Don't ask me. I was in the mood for a colorful gradient after watching the class tutorial on Adobe Illustrator. Meh, there's an upcoming Adobe Audition test. *sighs*
I am not going to complain about the combined workload and stress that Law and Media Arts have given me because it was kind of expected. Law requires memorization of facts and endless research; Media Arts involves artistic creativity. I have no idea how my senior coped with this combination but she seemed to have loved doing both when I caught up with her during the last semester's International Law Fair and Media Arts Fair. Although I haven't been able to successfully divide my time between friends and assignments, things have finally fallen into the rhythm that I wanted. I'll tell you why; half of the time is dedicated to college work (recently, it's been upped to 75% of my time) and campus-based activities (that I'd love to fully participate if it weren't for the heavy traffic congestion around both buildings) and the remainder that I have, I'm selfish with it and would rather use to it to catch a breather and loll around the house (just figuratively; a literal meaning would be me hopping around like an Energizer rabbit, lol) to my favorite Taiwanese and American drama series.

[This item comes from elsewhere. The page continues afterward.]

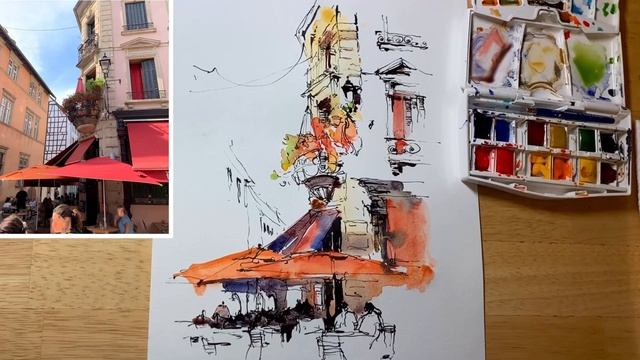 Watercolor on ink sketch/Urban sketching demo/Loose style sketch/Fountain pen sketch смотреть онлайн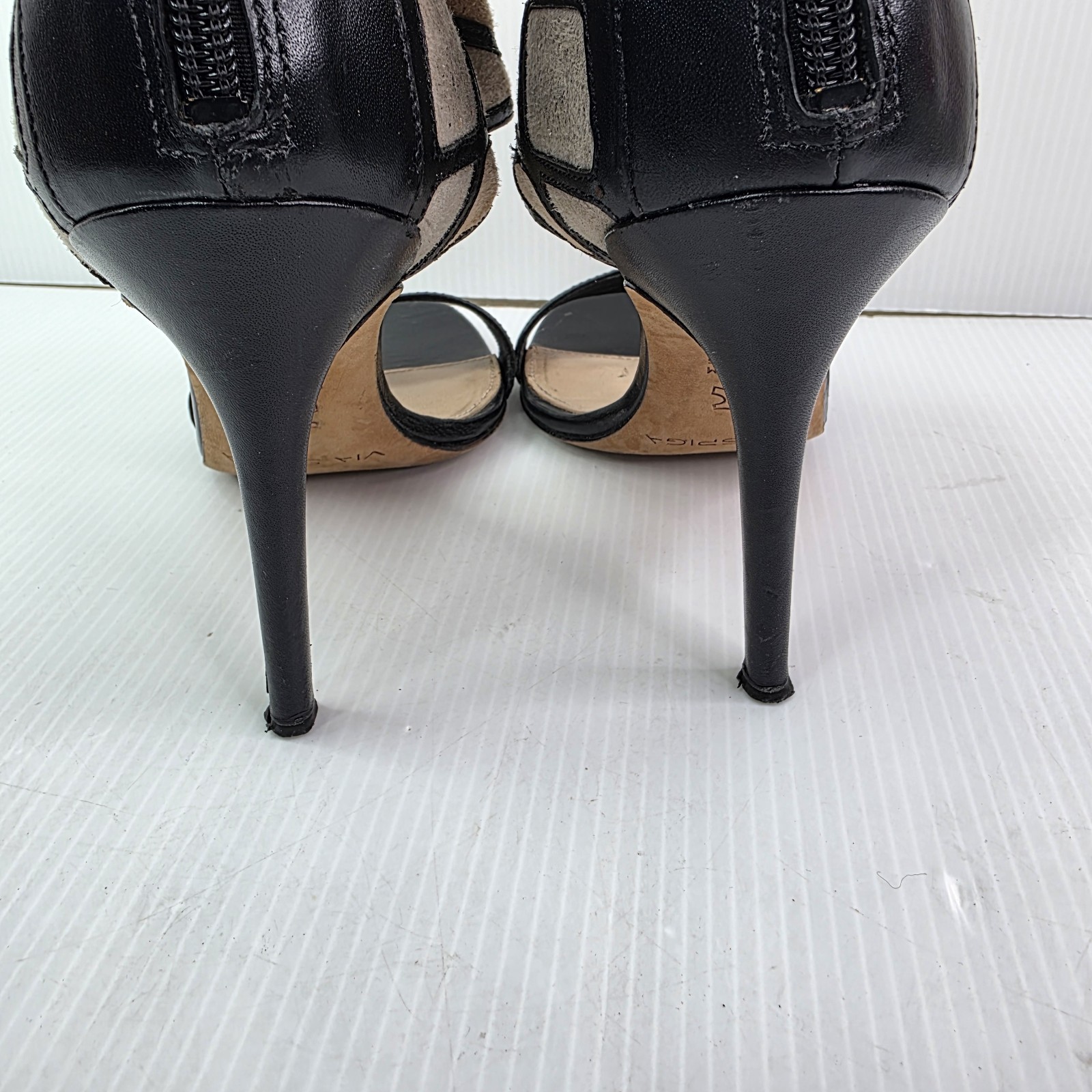 Via Spiga Italy Heels Black Suede Pumps Ankle Strap Zipper Women 8.5 M EUR 39.5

"Work after work. It's no wonder I look like a possessed zombie instead of a nerdy saint as of late. =P #assignments #college #filtered #life #weekends" - Taken from my Instagram account
I'm really sorry if I haven't been regularly updating.
After much thought, it dawned on me that inasmuch as I am trying to avoid a stressful and jam-packed semester, I am dealing with a heavier term this time. Remember how I mentioned before that I went through an intense semester waddling between History, World Issues and Writer's Craft? Well, guess what? In addition to the above-mentioned subjects for this semester, I am taking the onerous and compulsory English as well.
With that being said, you have my word that I will still return to the world of blogging and update this little blog of mine whenever I have the spare time and vision.
Oh. Before I forget, since I wasn't able to sleep even after the draft completion of my assignments, the following free verse is something that I came up with on the spot. It's somewhat inspired by the stories of my close friends.
When I craned my neck into the room,
There was a split second of peace engulfing me.
The sunlight shone into the room,
Radiating it with its brightness and happiness.
When I looked at the broken clock
Hanging on the wall,
The memories of that duration flew back
Like the return of the migratory birds.
I remembered how your eyes lit
Whenever you saw and heard me entering.
Boy, the frown on my face was lifted.
I visualized us exchanging looks
Much to the lovely admiration of our mutual friend.
The way she wriggled her eyebrows at us
Is glued in my memory.
We laughed until our stomachs ached.
We cried until our eyes were swollen up.
It sharpened our feelings.
It made us believe that there was no one but us.
When the news leaked out that we were an item,
Dancing in the eyes of them was pure happiness.
They wanted nothing but the best for us,
Even prayed for us to remain true to ourselves.
You knew me like the back of your hand,
Sensed whenever I was down and weak.
When I was in need of a comforting shoulder,
You were there.
I read you like a book, you used to say.
I saw through your smiles and laughter
That you were hiding something.
Those reticent and trying times,
Well, it merely accentuated your sorrows.
It shattered my heart whenever I saw it.
It reminded me the grave effects of being alone.
You see, I experienced that.
It's of no joke, having to waddle through life
With the emotions dressing each sentence with blades.
My dear friend, it's been an honor.
I don't know where I would be without you.
I could be roaming the streets like an invisible ghost.
I could be watching from my garden chair,
Somewhere up above the soothing, beautiful blue sky.
My dear friend, remember that little package?
The one that contained with those tempting goodies?
The one that made all of us stressed on that Thursday afternoon?
Hah, I am giggling like a child in love at the mere thought.